Kisah tragis dari pemeran utama dibalut pula dengan kegelapan kota Gotham yang berantakan. Tak hanya dipenuhi oleh tindak kriminal dari masyarakat kelas bawah, rupanya kota tersebut juga menyimpan dosa-dosa yang diperbuat oleh petinggi kota. Kasus korupsi sudah bagai budaya yang diwariskan oleh pejabat kota Gotham dari masa ke masa.

Jika di film terdahulu Joker muncul sebagai villain, maka lain cerita dengan film yang satu ini. Kehadiran The Riddler menjadi daya tarik tersendiri dari film The Batman. Tidak seperti penjahat kebanyakan, The Riddler punya cara unik untuk menjalani misinya. Namun bukan tanpa sebab, kehadiran tokoh ini rupanya punya fungsi penting, yakni untuk menguak kebobrokan dari kota Gotham yang selama ini ditutupi.

Tak hanya dibuat tegang dengan aksi perkelahian atau kejar-kejaran antara tokoh protagonis dan antagonis, para penonton juga akan dibuat menerka-nerka dan diajak untuk memecahkan petunjuk. Matt Reeves pun turut menampilkan sisi detektif dari Batman yang kurang dieksplor di film terdahulu. 

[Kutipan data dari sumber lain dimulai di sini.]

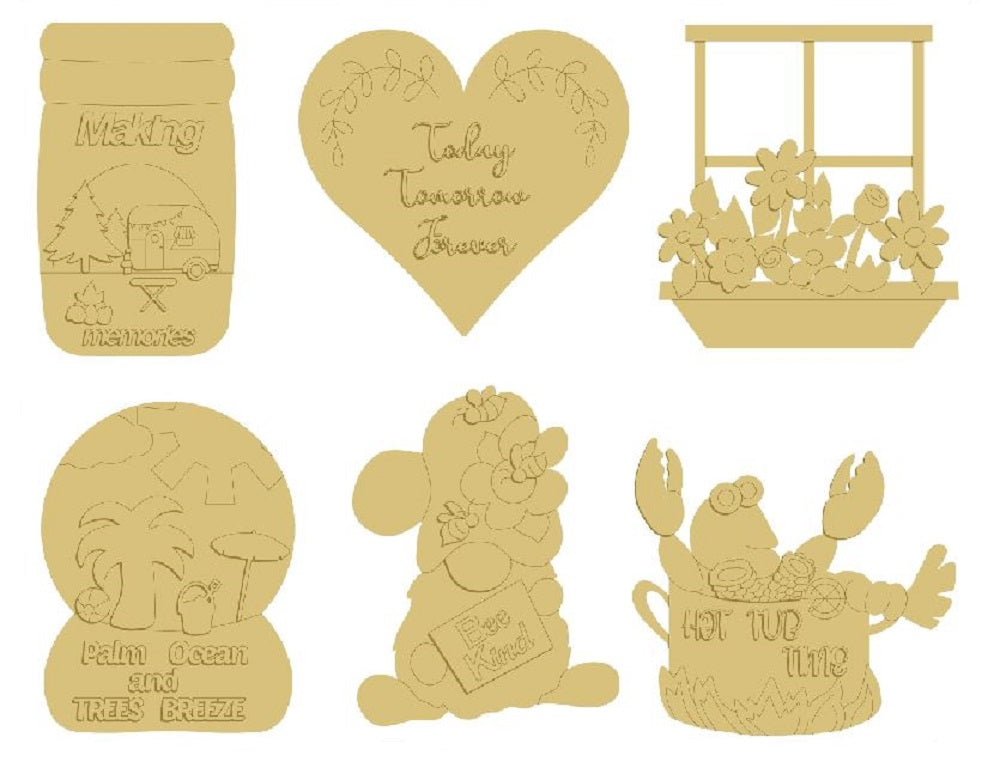 3D-SAMPLE-PACK-KIT UNFINISHED WOOD CUTOUT STYLE 1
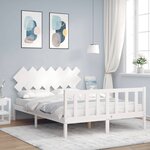 vidaXL Cadre de lit sans matelas blanc 140x190 cm bois de pin massif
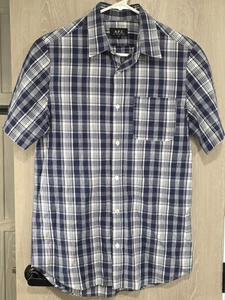 APC Button Front Shirt Men's S Navy & White Plaid Short Sleeve Cotton - Picture 1 of 7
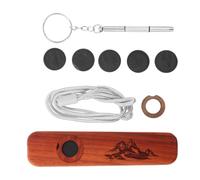 Kazoo in Legno Marrone per Uso Musicale e Principianti | Stile Montagna e Cervo Sereno, Classroom e Festival, con Cordini, Diaframmi di Ricambio e Cacciavite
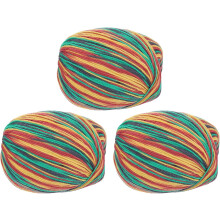 100% Wool Yarn, 4-Ply Wool Roving Luxurious and Soft Hand Dyed Yarn for Hand Knitting Crocheting, 3.52 OZ, 306 Yard (Yellow/Red/Green, 3 Ball)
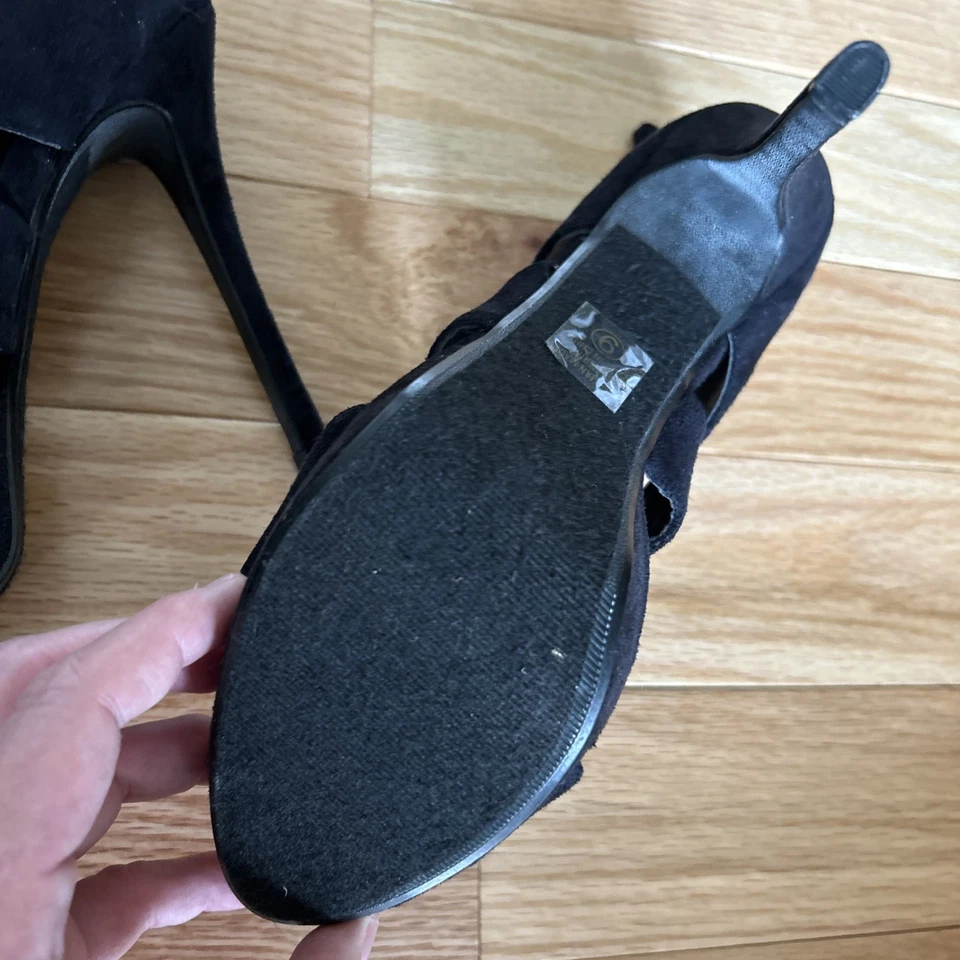 Sheikh 5” Tacón Stilleto 1” Plataforma Negro Gamuza Cremallera Tacón Sandalia Zapato Talla 9 Nuevo sin Caja Foto 4 de 4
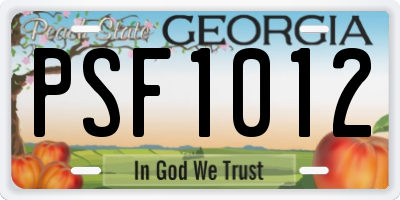 GA license plate PSF1012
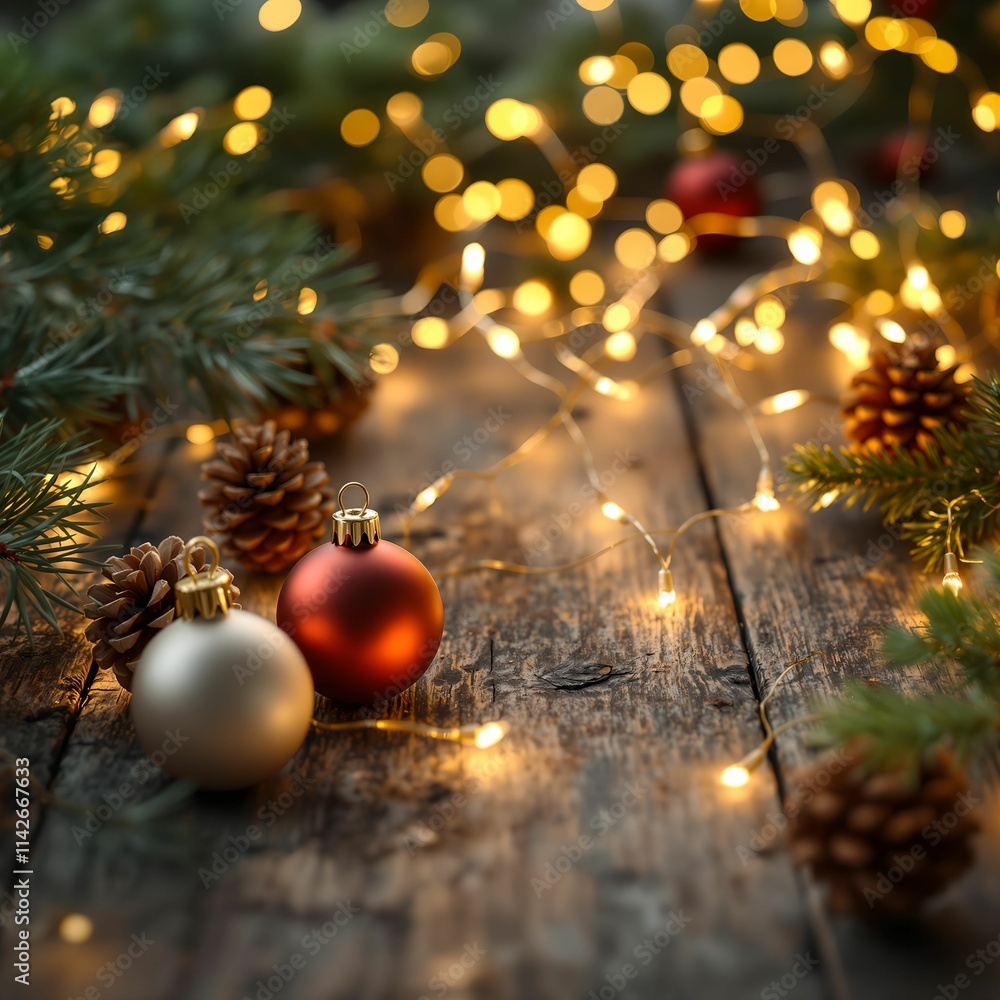 Poster a rustic wooden table is adorned with pine branches, pinecones, and two holiday baubles, surrounded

Isu Sosial di dalam Film The Batman

Membawakan isu-isu seperti kasus korupsi hingga menyinggung masalah kesenjangan sosial, Matt Reeves dinilai cukup berani untuk mengangkat konsep yang anti mainstream daripada film superhero pada umumnya. Konsep semacam ini mungkin akan terasa berat bagi beberapa orang, apalagi jika mereka menginginkan film laga yang penuh dengan adegan perkelahian di sepanjang film. 

Namun, konsep cerita inilah yang membuat The Batman jadi berbeda dan memiliki daya tarik tersendiri, sebab isu yang dibawakan cukup hangat dan dekat dengan masyarakat. Terlebih, kasus korupsi yang ironisnya masih sering dijumpai dalam kehidupan nyata.

Kesenjangan sosial yang disinggung dalam film ini juga masih terasa erat dengan kehidupan bermasyarakat di masa kini. Tak jarang, gesekan antar kelas atas dan bawah inilah yang memicu terjadinya tindak kriminal seperti yang digambarkan dalam film. 

The Batman boleh dibilang jadi sindiran bagi para oknum pejabat, sebab bukan tidak mungkin suatu kota atau bahkan negara di dunia nyata dapat berevolusi menjadi kota Gotham yang mengerikan jika dipimpin oleh petinggi yang bobrok. 

Nuansa Baru yang Dibawakan oleh Matt Reeves

Adanya formula baru seperti kemunculan The Riddler sudah menjadi bukti bahwa Matt Reeves telah menunaikan janjinya untuk membawakan konsep yang berbeda. Tak hanya berperan sebagai pahlawan, Batman juga merangkap sebagai detektif dadakan untuk memecahkan teka-teki (riddle) sehingga menambah keunikan yang tak akan ditemui di film-film terdahulu.

Bicara soal detektif, Mat Reeves rupanya menjadikan beberapa film garapan David Fincher seperti Se7en (1995) dan Zodiac (2007) sebagai kiblatnya dalam menyutradarai The Batman. Jika kamu sudah menonton kedua film tersebut, kamu pasti akan merasakan atmosfer yang sama ketika menonton film The Batman ini.

Penggambaran kota Gotham yang lebih kelam juga menjadi sisi yang berbeda dalam film ini. Pemilihan color grading dengan warna gelap layaknya film horor semakin memperkuat kesan kelam dan mengerikan dari kota Gotham yang seolah selalu mendung. 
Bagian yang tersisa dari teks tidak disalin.